Zeitreise: Als beim FC Bayern, 1860 München und SpVgg Unterhaching einmal …


München – DFB-Pokal, die dritte Runde – und die drei ranghöchsten Münchner Vereine sind noch dabei: Bayern, klar, aber überraschenderweise auch 1860 und Unterhaching. Alle drei Teams auf Erfolgskurs – das erinnert an den 20. Mai 2000, den besondersten Tag des Münchner Fußballs. Eine Zeitreise.

  • Die Bayern liefern sich in der Saison 1999/2000 einen spannenden Zweikampf mit der Mannschaft von Bayer Leverkusen, die am 30. Spieltag die Tabellenführung übernimmt – der FC Bayern hat überraschend eine 1:2-Niederlage im Derby gegen den TSV 1860 erlitten. Am letzten Spieltag, am 20. Mai 2000, ist der SV Werder Bremen zu Gast im Olympiastadion. Der 3:1-Sieg der Bayern ist das eine, die 0:2-Niederlage der Leverkusener wenige Kilometer weiter in Unterhaching das entscheidende Ergebnis. Im Bild feiern Paulo Sergio Paulo (von links), Bixente Lizarazu und Stefan Effenberg die 16. Meisterschaft, später geht es auf den Rathausbalkon am Marienplatz.
  • Unterhaching wird in einem der legendärsten Spiele der Bundesliga zum Meistermacher! Leverkusen spielt im Sportpark der SpVgg (oben), bräuchte nur noch einen Punkt, um Meister zu werden.
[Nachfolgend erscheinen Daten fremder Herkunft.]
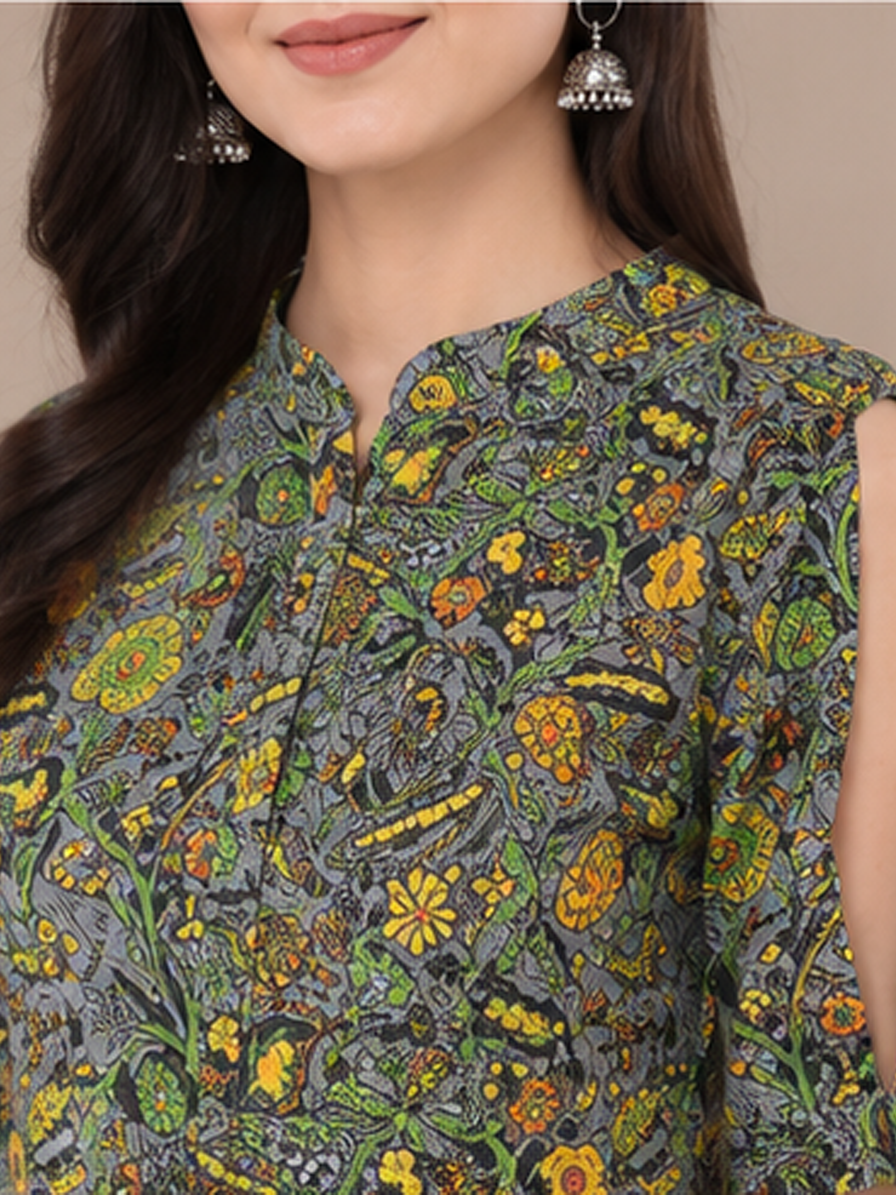 Grey Floral Print Straight Kurti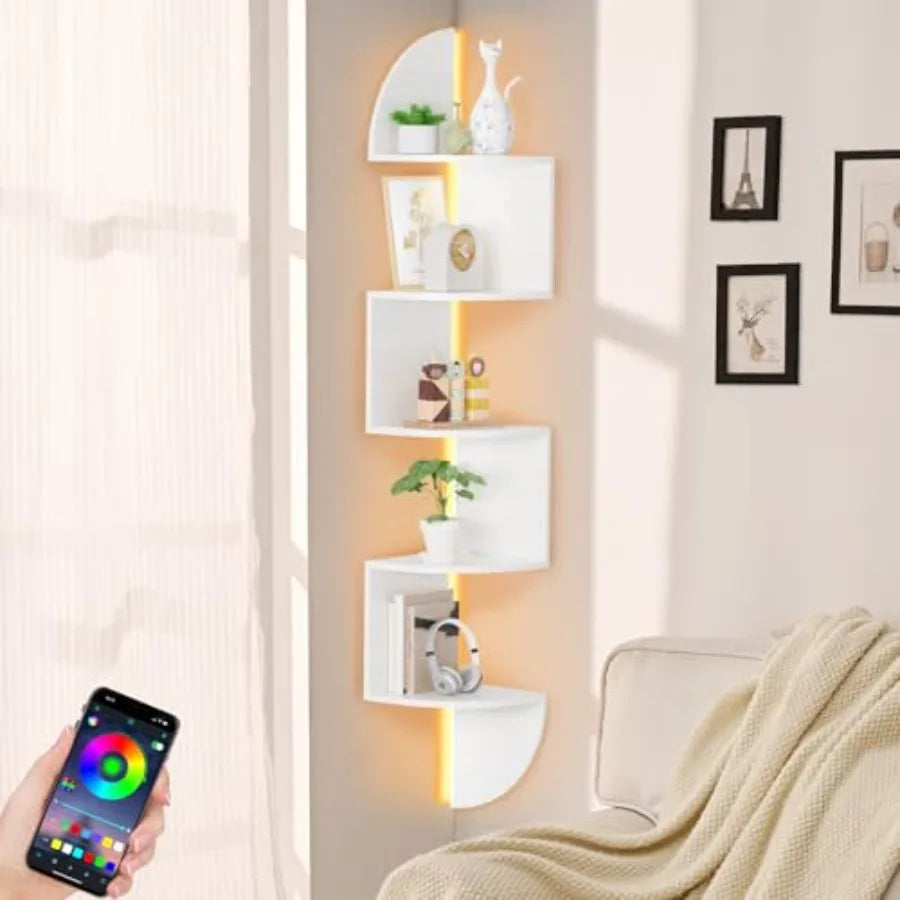 Corner Wall Shelf With LED Light 5 Tier Floating Shelves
Die Schale ist bereits aufgebaut (rechts), doch der damalige Manager Reiner Calmund darf sie nicht in Empfang nehmen – denn die kleinen Hachinger gewinnen mit 2:0 gegen seinen Club. Als das Ergebnis im Olympiastadion (links) eingeblendet wird, ist der Jubel bei den Bayern-Fans riesig.
  • Die Löwen erleben am 20. Mai 2000 einen der triumphalsten Momente der Vereinsgeschichte. Der TSV 1860 (hier kämpft Daniel Borimirov gegen Marian Hristov) spielt auswärts gegen Kaiserslautern, das 1:1 reicht für den vierten Tabellenplatz – und den Einzug in die Champions League-Quali. Die Mannschaft von Trainer Werner Lorant (links) scheidet später gegen Leeds United aus.


20. Mai 2000: Fußball-München spielt verrückt!

Und plötzlich blickten an diesem klaren und sonnigen Samstagnachmittag, am 20. Mai 2000, alle zum Himmel. Da oben knatterte was: ein kleines Flugzeug, eine Cessna, und sie zog ein Spruchband hinter sich her.

Praktisch, dass Münchner Olympiastadion und Hachinger Sportpark Luftlinie nur ein paar Kilometer auseinander liegen. So konnte man kurz nacheinander von beiden Örtlichkeiten aus lesen: „Die Toten Hosen gratulieren dem FC Bayern zur Deutschen Meisterschaft.“

Es lief die zweite Halbzeit, und noch war’s nicht amtlich. Man war auf dem Weg dorthin, aber schon das war eine Sensation. Weil die Saison, so das Fazit nach 33 Spieltagen, gegen die Bayern gelaufen war. Leverkusen lag vorne, mit drei Punkten. Und müsste schon verlieren. In Unterhaching. Beim Neuling. Haha. Ulm, den anderen Aufsteiger, hatte Leverkusen ein paar Wochen zuvor 9:2 abgefieselt.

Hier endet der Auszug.